Employment growth between 2010-11: 98,330
Median hourly wage: $13.74

Fourth-biggest growth: Food service managers
As previous studies have pointed out, the food services industry added more jobs than any other last year, but unfortunately most tend to be low-paying positions. One clear exception is food services managers, who earn nearly twice as much as dishwashers, fast food chefs and others in the industry.
Employment growth between 2010-11: 136,937
Median hourly wage: $15

Third-biggest growth: Metal workers and plastic workers, all other
According to the BLS, these workers most often manufacture steel, cutlery, spring and wire and earn a decent wage doing so.
Employment growth between 2010-11: 140,966
Median hourly wage: $14.15

Second-biggest growth: Bookkeeping, accounting and auditing clerks
If the financial crisis of 2008 is evidence of anything, it's that we need more auditors.

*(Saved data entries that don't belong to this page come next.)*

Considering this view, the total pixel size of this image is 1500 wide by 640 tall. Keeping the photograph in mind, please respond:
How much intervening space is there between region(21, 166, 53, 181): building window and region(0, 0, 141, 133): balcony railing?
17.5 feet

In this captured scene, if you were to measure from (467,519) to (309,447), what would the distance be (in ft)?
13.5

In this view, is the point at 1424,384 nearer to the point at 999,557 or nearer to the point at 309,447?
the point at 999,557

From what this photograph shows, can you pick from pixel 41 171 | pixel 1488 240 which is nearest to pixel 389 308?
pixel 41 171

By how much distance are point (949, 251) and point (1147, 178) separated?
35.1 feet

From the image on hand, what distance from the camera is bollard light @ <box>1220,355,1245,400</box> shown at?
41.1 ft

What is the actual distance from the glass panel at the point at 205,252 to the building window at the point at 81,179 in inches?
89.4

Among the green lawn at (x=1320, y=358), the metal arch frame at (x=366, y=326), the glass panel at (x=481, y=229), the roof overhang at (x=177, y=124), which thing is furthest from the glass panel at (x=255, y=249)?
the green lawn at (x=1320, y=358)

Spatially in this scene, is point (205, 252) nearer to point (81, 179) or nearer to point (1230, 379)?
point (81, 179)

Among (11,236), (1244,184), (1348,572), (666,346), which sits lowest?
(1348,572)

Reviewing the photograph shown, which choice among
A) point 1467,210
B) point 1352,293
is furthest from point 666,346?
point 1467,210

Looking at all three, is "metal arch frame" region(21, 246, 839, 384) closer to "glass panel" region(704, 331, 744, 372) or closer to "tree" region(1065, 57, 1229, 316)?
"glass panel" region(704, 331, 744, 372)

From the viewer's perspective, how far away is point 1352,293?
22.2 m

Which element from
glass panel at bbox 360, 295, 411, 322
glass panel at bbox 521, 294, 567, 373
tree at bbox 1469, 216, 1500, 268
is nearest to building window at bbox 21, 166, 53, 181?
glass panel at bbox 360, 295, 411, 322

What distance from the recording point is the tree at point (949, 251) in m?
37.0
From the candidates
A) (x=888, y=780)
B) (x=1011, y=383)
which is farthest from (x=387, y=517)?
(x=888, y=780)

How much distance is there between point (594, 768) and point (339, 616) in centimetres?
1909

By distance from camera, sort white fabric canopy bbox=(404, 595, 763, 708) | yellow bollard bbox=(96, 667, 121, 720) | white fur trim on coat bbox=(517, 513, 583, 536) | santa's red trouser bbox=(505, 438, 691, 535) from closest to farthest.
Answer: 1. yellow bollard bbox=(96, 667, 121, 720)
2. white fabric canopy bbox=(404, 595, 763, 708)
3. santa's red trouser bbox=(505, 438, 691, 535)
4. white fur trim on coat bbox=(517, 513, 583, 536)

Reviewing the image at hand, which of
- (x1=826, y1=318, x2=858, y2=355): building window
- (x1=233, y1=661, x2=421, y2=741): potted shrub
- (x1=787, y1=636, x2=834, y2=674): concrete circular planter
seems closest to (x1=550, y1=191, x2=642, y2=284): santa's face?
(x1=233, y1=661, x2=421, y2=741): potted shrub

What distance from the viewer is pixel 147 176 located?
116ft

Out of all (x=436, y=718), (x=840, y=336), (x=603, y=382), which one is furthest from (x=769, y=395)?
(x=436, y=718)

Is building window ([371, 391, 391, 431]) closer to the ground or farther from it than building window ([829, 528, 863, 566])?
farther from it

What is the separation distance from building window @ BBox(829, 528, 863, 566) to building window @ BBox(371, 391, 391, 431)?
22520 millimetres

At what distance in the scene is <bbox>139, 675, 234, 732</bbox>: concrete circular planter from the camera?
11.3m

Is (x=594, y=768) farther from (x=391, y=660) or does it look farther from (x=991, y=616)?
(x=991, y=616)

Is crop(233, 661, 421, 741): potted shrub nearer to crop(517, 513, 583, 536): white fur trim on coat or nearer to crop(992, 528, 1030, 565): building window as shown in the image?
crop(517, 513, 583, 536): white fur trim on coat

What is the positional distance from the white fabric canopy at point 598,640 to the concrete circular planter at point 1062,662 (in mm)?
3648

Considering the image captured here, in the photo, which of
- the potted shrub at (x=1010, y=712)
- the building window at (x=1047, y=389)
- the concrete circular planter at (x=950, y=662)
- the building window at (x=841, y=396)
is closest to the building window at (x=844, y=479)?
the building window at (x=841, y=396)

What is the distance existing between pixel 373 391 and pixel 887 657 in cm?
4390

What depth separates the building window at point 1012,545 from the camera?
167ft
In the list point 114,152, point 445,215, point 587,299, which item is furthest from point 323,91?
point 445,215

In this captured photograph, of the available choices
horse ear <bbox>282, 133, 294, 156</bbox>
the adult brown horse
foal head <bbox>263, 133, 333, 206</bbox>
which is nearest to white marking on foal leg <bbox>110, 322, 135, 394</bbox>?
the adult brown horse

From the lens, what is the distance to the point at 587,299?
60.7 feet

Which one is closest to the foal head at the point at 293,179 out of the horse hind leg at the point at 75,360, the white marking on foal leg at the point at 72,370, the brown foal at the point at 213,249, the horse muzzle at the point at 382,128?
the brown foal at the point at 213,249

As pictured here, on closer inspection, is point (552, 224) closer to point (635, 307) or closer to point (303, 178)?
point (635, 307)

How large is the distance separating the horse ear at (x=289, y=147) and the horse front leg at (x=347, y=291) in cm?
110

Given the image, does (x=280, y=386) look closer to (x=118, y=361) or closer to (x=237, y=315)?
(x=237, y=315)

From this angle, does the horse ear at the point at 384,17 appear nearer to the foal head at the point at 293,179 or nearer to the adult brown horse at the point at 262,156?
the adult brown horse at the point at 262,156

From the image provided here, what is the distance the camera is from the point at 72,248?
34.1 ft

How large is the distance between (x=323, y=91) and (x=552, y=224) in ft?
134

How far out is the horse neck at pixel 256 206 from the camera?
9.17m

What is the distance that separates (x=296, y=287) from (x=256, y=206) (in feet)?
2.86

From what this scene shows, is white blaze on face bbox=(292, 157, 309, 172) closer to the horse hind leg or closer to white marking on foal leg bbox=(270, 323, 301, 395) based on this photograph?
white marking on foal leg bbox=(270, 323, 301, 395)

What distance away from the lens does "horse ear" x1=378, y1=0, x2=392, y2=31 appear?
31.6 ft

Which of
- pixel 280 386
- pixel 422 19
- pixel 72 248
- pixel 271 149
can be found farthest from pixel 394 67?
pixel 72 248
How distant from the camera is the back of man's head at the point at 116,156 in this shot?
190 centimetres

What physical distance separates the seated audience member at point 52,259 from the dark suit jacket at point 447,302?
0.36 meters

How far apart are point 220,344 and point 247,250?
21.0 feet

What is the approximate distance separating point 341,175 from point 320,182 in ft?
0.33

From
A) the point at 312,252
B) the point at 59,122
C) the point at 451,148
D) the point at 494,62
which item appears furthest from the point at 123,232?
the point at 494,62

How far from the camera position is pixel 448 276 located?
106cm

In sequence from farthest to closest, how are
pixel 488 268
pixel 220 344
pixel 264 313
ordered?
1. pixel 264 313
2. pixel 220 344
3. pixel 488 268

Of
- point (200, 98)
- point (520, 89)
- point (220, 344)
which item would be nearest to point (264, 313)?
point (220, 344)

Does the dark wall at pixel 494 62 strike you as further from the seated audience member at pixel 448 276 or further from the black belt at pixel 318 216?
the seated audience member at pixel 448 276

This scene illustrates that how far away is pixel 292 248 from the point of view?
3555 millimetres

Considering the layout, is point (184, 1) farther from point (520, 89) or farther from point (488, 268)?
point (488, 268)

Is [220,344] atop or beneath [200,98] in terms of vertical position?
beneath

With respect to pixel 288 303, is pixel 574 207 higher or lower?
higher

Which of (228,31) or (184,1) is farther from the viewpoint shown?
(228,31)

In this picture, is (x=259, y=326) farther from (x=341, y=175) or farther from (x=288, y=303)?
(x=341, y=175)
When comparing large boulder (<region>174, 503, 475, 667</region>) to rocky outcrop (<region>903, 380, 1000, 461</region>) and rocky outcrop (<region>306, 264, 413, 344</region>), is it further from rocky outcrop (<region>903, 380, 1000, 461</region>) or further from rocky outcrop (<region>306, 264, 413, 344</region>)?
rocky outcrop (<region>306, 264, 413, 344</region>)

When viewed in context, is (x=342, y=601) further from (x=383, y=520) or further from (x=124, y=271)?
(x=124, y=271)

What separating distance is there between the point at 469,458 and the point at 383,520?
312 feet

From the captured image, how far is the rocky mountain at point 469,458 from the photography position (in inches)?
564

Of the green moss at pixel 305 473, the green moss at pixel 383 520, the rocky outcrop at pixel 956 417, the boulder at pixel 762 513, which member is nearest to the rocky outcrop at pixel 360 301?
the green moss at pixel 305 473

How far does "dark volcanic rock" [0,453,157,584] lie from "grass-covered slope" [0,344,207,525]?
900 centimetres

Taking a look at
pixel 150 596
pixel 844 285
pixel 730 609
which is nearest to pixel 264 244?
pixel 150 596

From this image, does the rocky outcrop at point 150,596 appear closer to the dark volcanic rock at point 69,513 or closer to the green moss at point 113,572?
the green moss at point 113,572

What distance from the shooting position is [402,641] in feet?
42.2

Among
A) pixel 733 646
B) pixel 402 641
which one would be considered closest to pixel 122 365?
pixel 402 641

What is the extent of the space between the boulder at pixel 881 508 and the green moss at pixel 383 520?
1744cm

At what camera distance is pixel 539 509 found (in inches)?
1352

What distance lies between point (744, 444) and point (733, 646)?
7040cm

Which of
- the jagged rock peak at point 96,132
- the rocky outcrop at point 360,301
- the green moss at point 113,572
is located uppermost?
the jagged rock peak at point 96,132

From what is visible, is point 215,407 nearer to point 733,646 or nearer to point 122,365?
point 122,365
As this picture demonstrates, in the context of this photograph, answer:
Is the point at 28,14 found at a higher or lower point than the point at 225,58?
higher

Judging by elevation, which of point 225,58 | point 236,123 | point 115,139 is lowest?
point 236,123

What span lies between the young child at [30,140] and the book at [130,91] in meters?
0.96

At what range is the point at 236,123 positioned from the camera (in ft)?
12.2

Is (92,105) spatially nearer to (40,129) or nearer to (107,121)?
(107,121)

And by all accounts, that seems to be exactly what is happening. This profession grew by 150,000 last year and the first quarter of 2011, and the BLS estimates it will grow even more by 2018.
Employment growth between 2010-11: 150,269
Median hourly wage: $15.61

Biggest growth: Machinists
No industry added more jobs than machinists last year and in the beginning of 2011, but the long-term job prospects for these workers is mixed. According to the BLS, the total number of workers employed as machinists is expected to decline by 5% between 2008 and 2018, partly because of increased competition from companies abroad, but also because fewer people are expected to pursue the necessary studies to become machinists. As a result, even though there will be fewer machinists, those who pursue this career path should have an easier time finding work at home.